▶ _What the exercise asks_
Please restate word for word all lines from the one containing "4559 Nancy Drive Gallery 2" to the final line of the entries, and include no pictures.

=-=-=-=-=

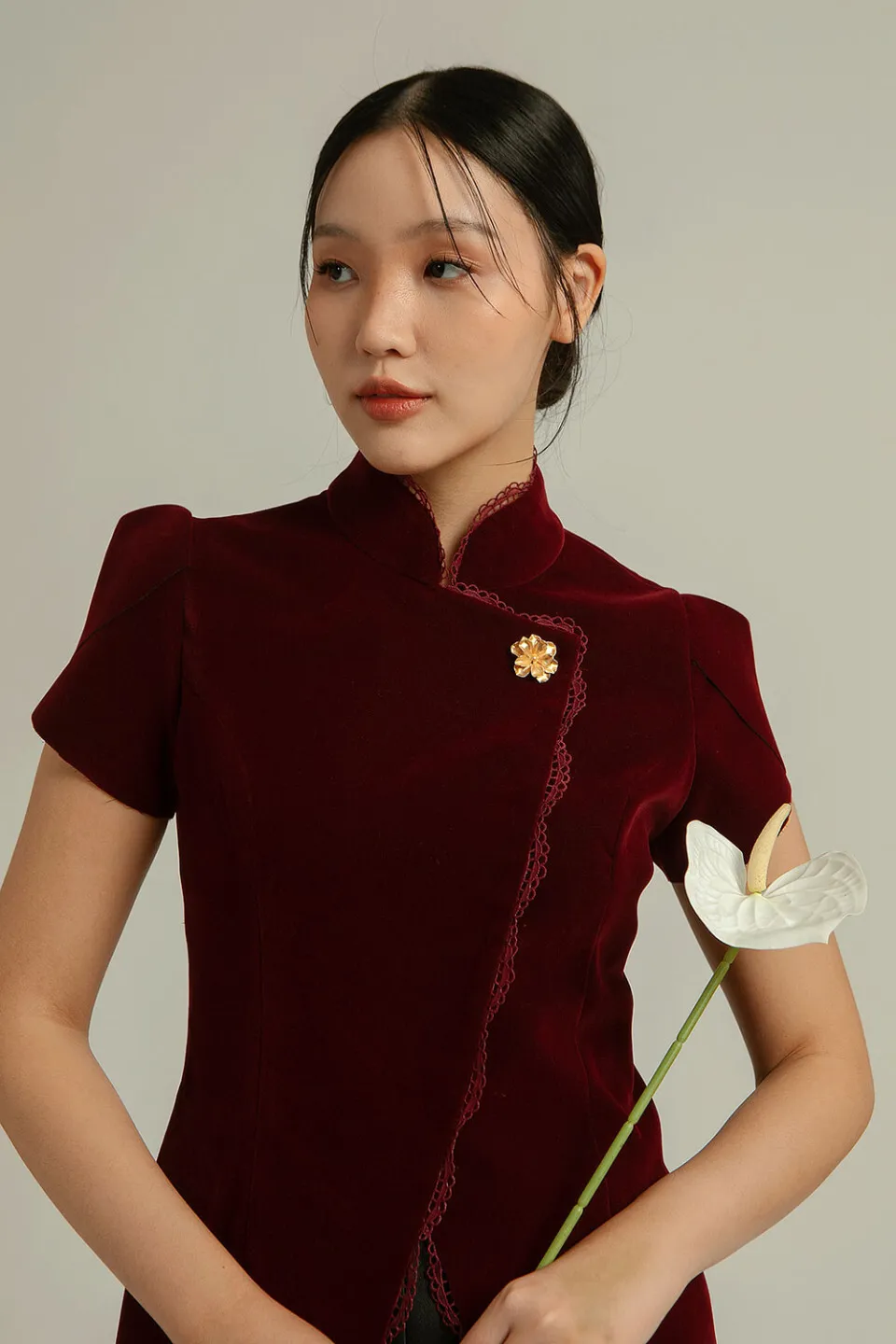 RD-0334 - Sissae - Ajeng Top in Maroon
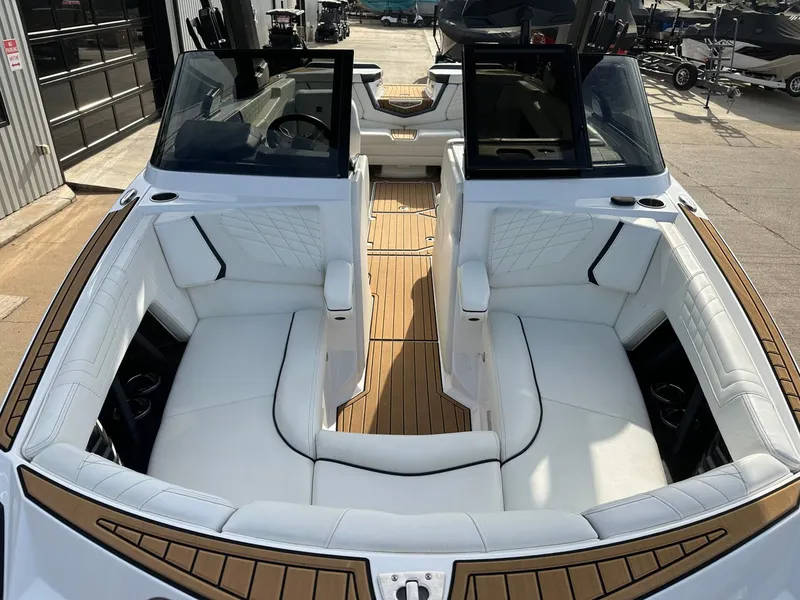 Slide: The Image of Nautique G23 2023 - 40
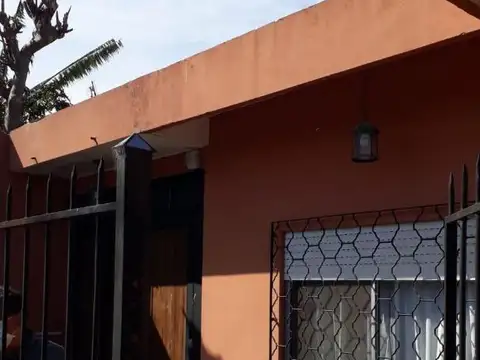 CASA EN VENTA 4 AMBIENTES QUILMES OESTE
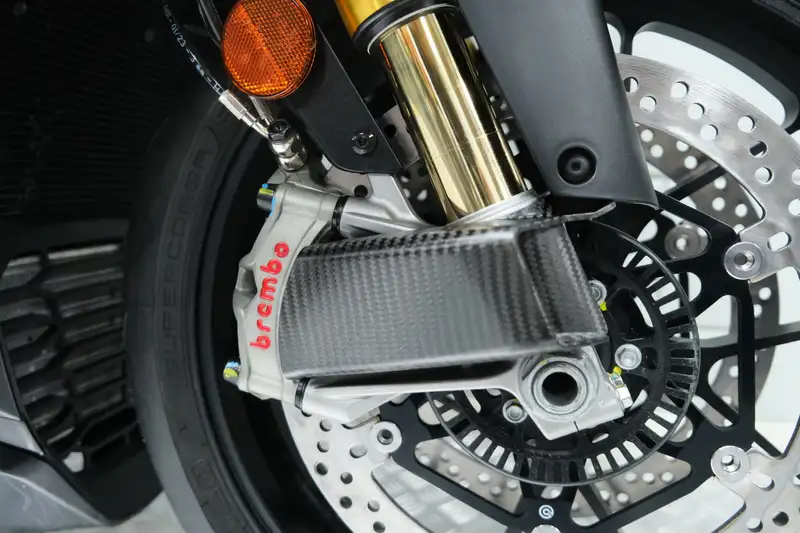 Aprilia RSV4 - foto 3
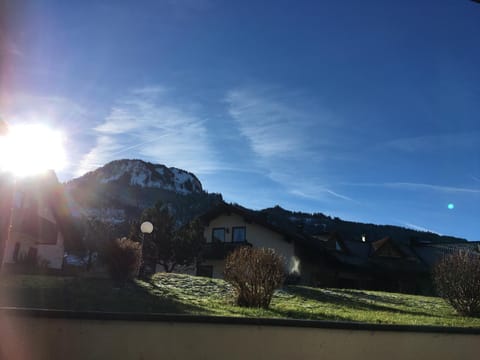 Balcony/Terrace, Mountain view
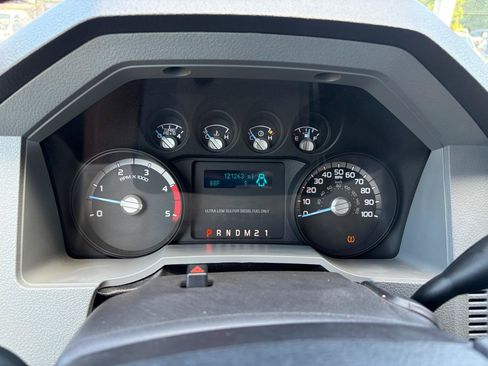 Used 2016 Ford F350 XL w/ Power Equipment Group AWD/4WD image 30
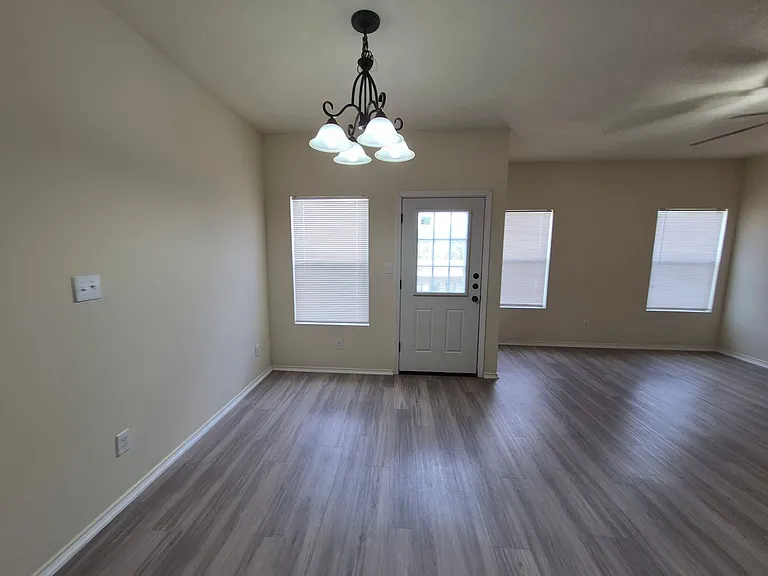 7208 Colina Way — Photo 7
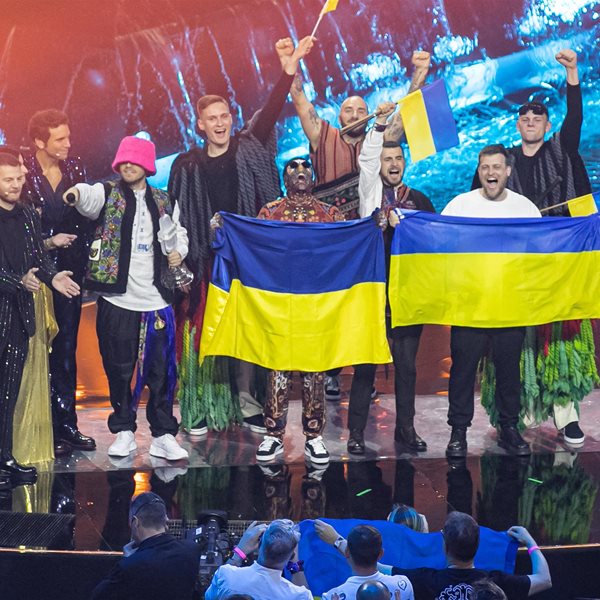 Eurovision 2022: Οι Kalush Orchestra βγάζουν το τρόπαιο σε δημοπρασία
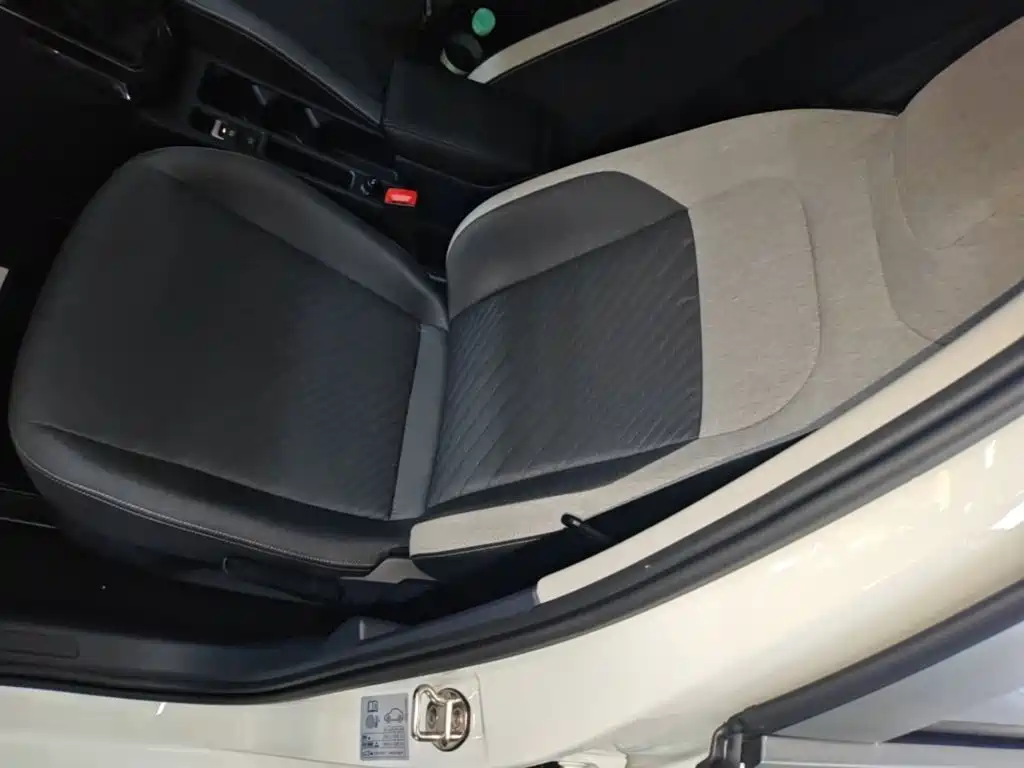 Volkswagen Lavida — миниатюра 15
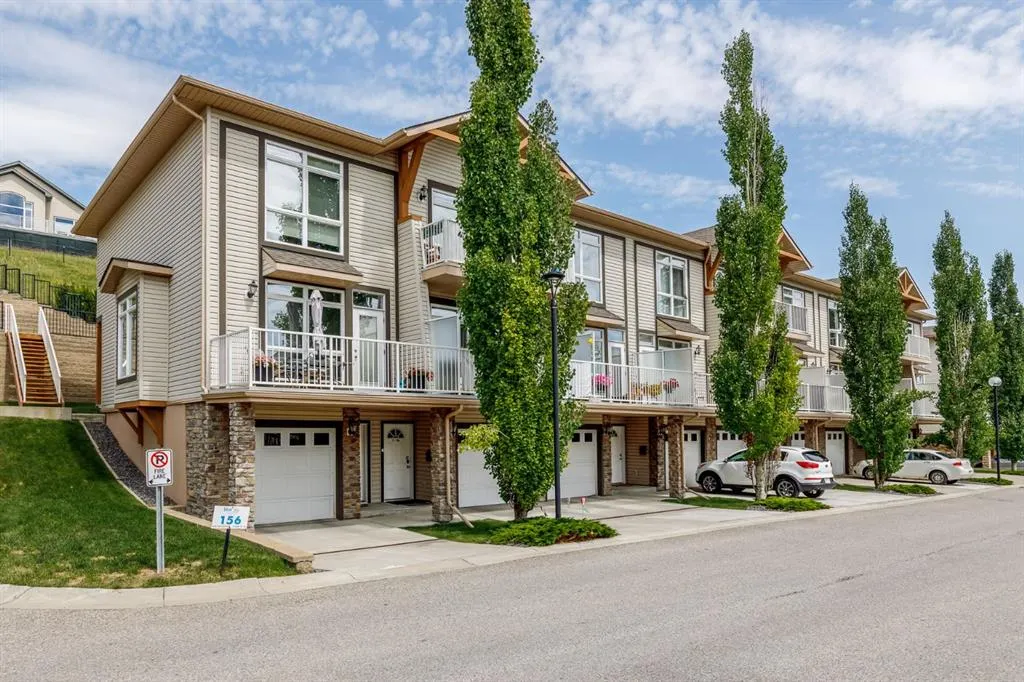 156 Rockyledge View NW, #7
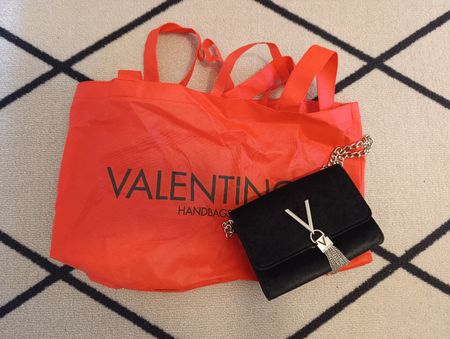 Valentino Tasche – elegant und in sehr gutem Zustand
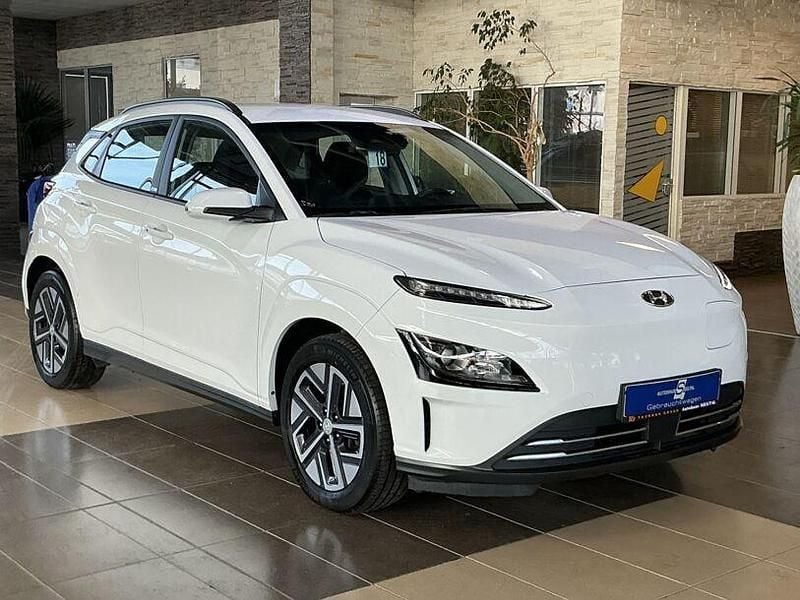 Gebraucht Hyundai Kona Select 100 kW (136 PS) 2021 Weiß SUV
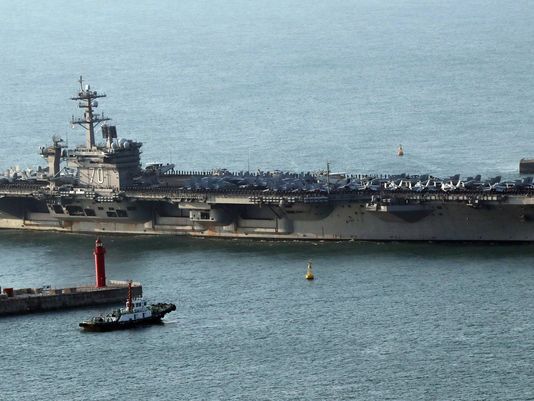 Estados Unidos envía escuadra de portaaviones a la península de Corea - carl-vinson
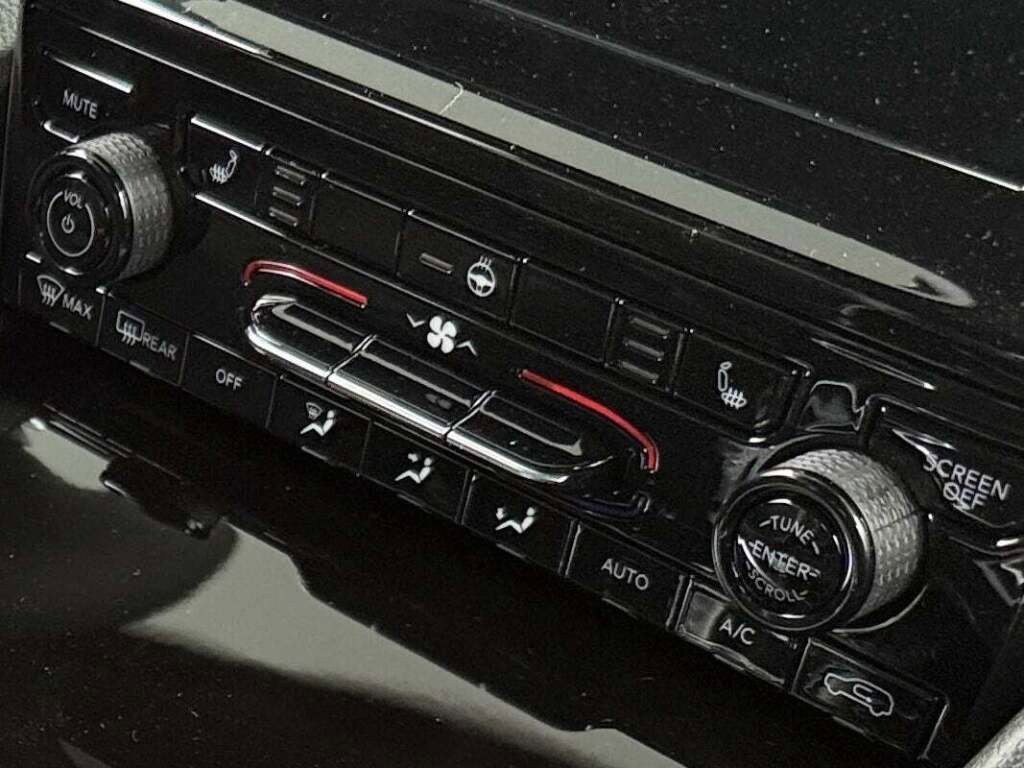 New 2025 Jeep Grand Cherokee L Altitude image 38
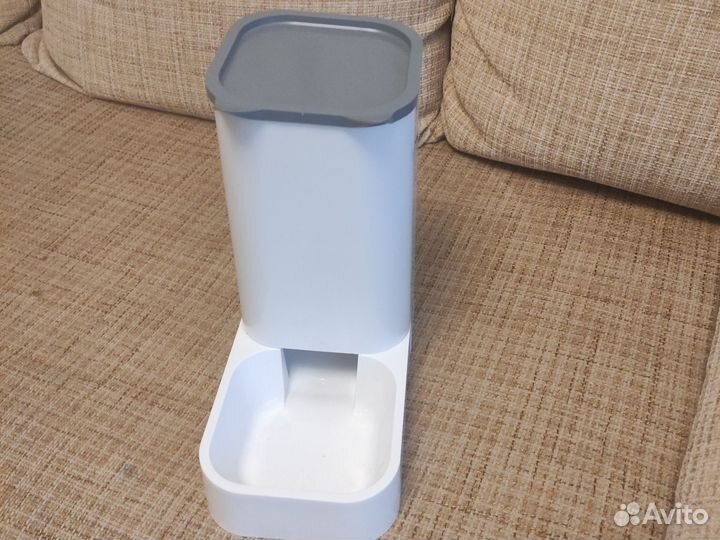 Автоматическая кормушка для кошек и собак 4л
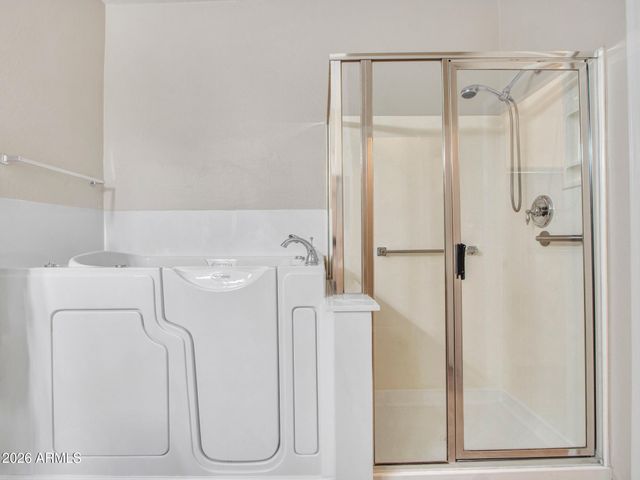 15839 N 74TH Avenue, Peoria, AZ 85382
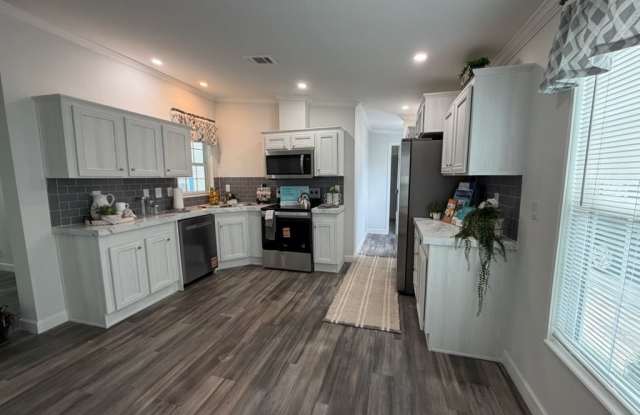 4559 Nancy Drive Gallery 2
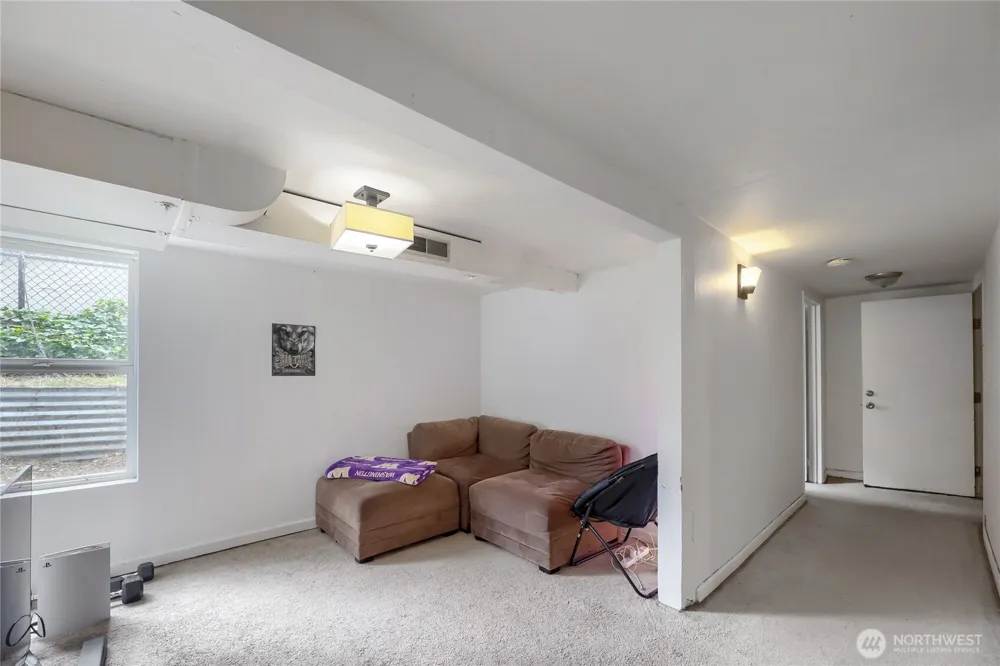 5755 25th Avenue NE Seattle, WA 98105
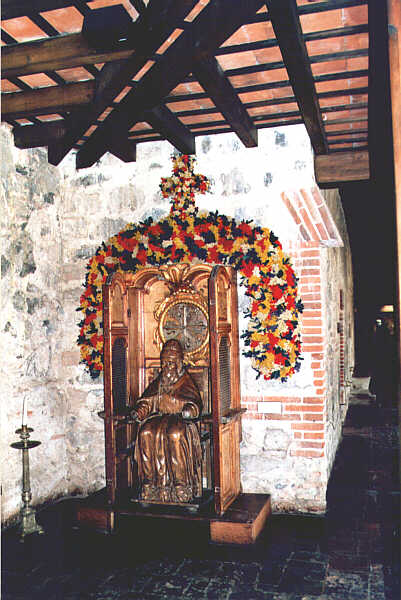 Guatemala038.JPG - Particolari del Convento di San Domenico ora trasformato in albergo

=-=-=-=-=

▶ _Reply to the task_
 4559 Nancy Drive Gallery 2
 5755 25th Avenue NE Seattle, WA 98105
 Guatemala038.JPG - Particolari del Convento di San Domenico ora trasformato in albergo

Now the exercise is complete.